Night Raid Strategy: Needs a Rethinking

The number of night raids in Afghanistan by coalition and US Special Forces reaches thousands every year. The military officials deem it a very effective tactic to kill or capture terrorists. But President Hamid Karzi thinks the other way. Karzai not only denies the presence of militants in the districts of Afghanistan but also pronounces the night raids by NATO as ineffective.

He has urged the US, time and again, to stop such operations and go after militants on the other side of the Afghan border. Nonetheless, the raids against the insurgents continue day and night.

Although 31 soldiers belonging to US Special Forces along with 6 Afghan commandos and an interpreter were killed during a night operation in Maidan Wardak province a month ago, night raids have not stopped.

But now the US should really ponder over whether its night raids that were intensified during ex NATO commander, General David Patreaus's term, are effective in counterinsurgency war or not.

US-based institution, The Open Society Foundations said in a report published Monday that NATO-led night operations are making the military alliance unpopular in Afghanistan and that 'security is at its worst level' since the ousting of Taliban regime in 2001.

"Mass detention operations, holding the entire village for questioning on site for prolonged period of time may violate international prohibitions against indiscriminate detention," it said.

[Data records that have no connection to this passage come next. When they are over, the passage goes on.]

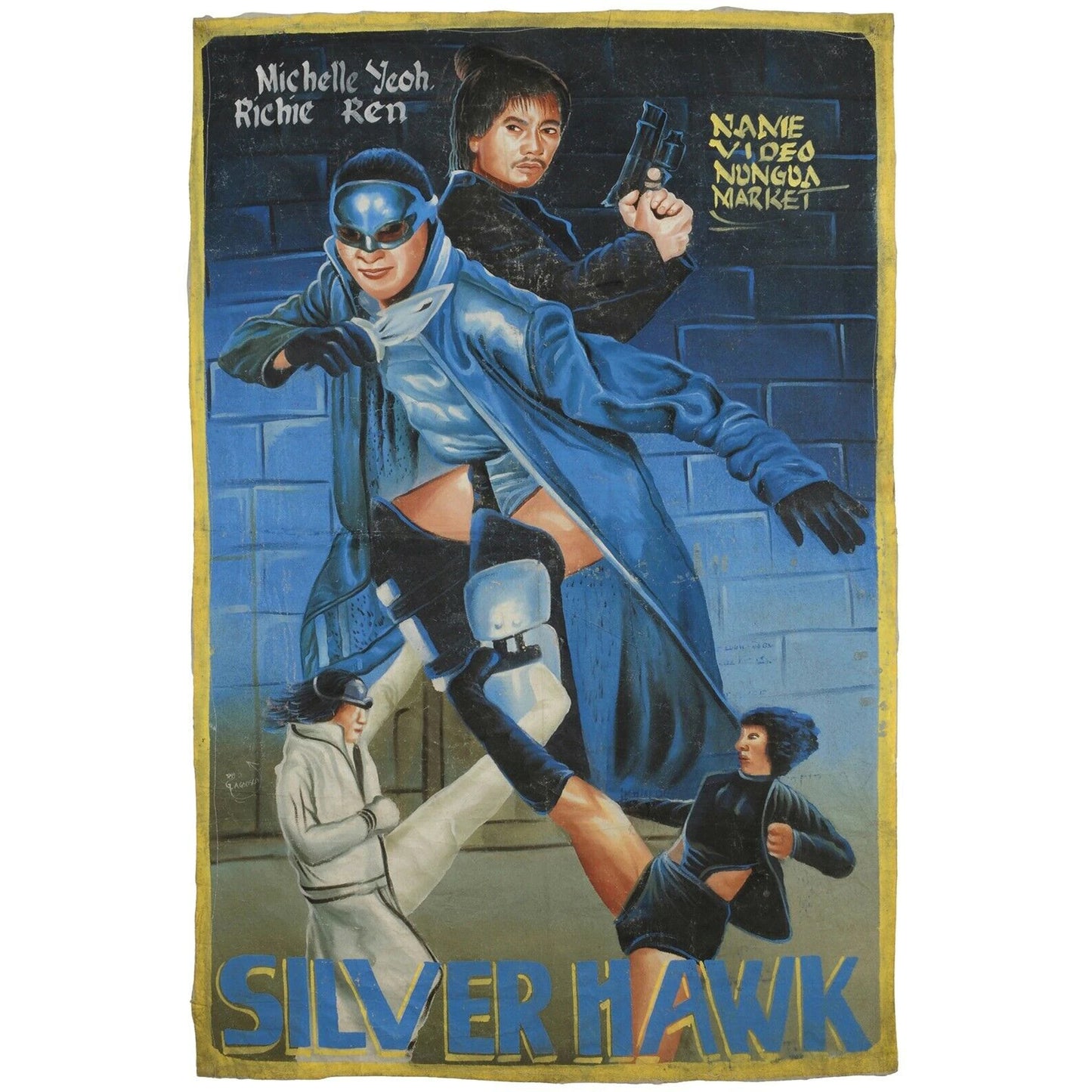 Póster de cine de película lienzo pintado a mano africano decoración del hogar arte Ghana SILVER HAWK - Tribalgh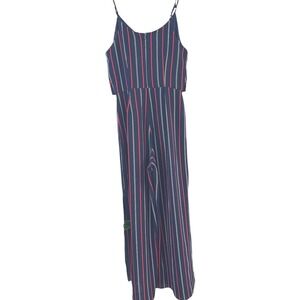 Monteau wide leg Jumpsuit in Navy, white,red‎ stripes- Medium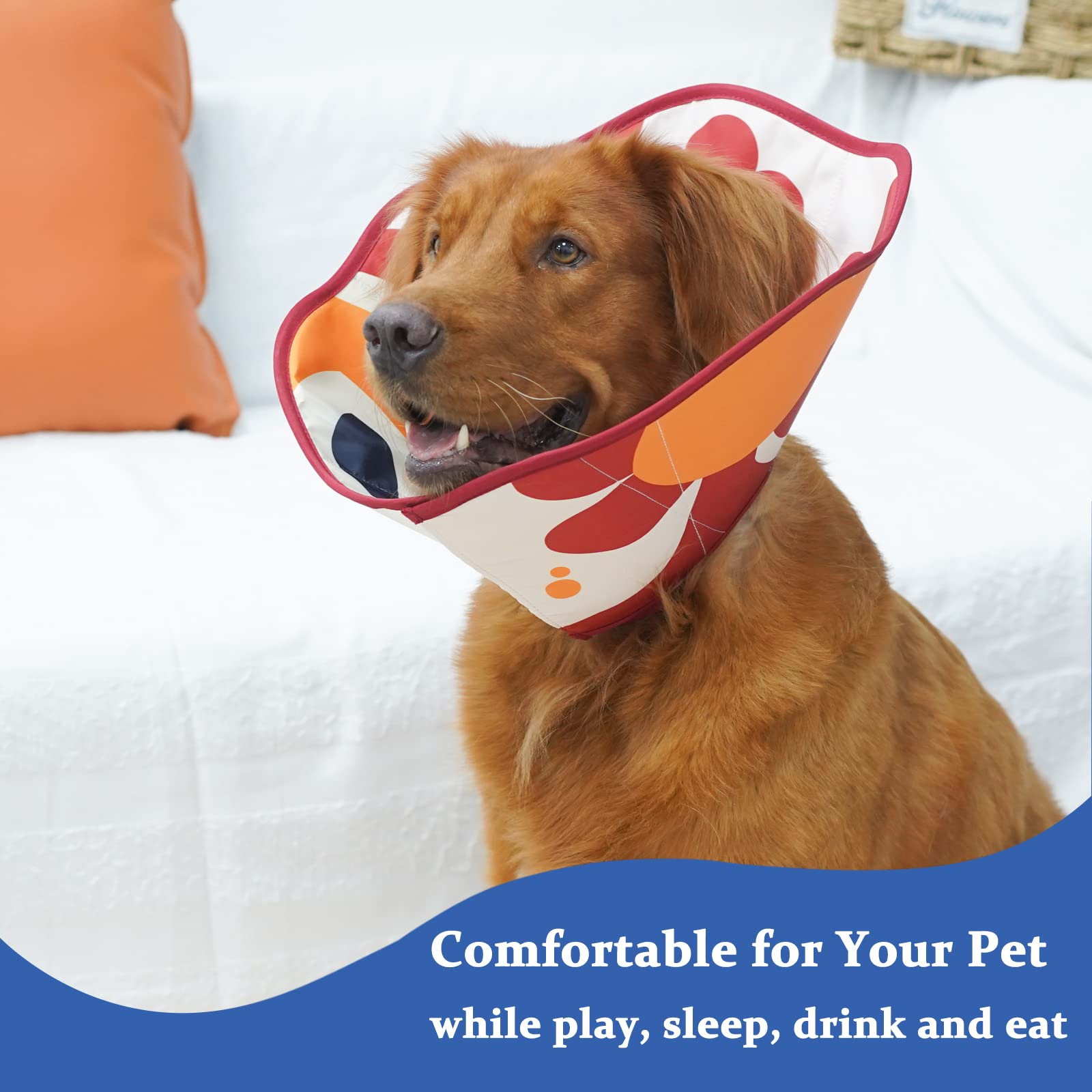 BARKLESS Soft Cone for Dogs, Comfortable E Collar for Dogs After Surgery to Stop Licking Scratching Biting, Soft Dog Cone for Large Medium Small Dogs, Adjustable Elizabethan Collar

Unaccustomed to Afghan customs, the coalition forces have made several mistakes in the last ten years that have resulted in the deaths of civilians. According to Afghan public, search of houses during military operations by foreign troops is against the culture of Afghanistan.

Therefore they demand that search activities should be performed by Afghan National Army (ANA). ANA is well aware of how to treat families and keep the respect for women.

While the UN has blamed NATO and US forces for causing increasing civilian deaths due with airstrikes and night raids.

Civilian deaths from airstrikes increased 14 per cent during the first six months of the year, a UN report said in July. Civilian deaths from ground combat also increased by 36 per cent. The night raid strategy needs a rethinking.